┌─ RECORDED DATA

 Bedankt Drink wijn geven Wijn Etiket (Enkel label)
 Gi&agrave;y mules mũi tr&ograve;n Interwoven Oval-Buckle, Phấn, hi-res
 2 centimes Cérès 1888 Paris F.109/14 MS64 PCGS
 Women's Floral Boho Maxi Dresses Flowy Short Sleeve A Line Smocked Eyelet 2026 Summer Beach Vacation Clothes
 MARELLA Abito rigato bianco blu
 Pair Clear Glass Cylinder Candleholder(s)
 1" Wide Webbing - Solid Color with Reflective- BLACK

└─

### ABOUT THIS TASK
Each line of the listing is to be repeated without alteration.

### OUTPUT OF THE EXERCISE
 Bedankt Drink wijn geven Wijn Etiket (Enkel label)
 Gi&agrave;y mules mũi tr&ograve;n Interwoven Oval-Buckle, Phấn, hi-res
 2 centimes Cérès 1888 Paris F.109/14 MS64 PCGS
 Women's Floral Boho Maxi Dresses Flowy Short Sleeve A Line Smocked Eyelet 2026 Summer Beach Vacation Clothes
 MARELLA Abito rigato bianco blu
 Pair Clear Glass Cylinder Candleholder(s)
 1" Wide Webbing - Solid Color with Reflective- BLACK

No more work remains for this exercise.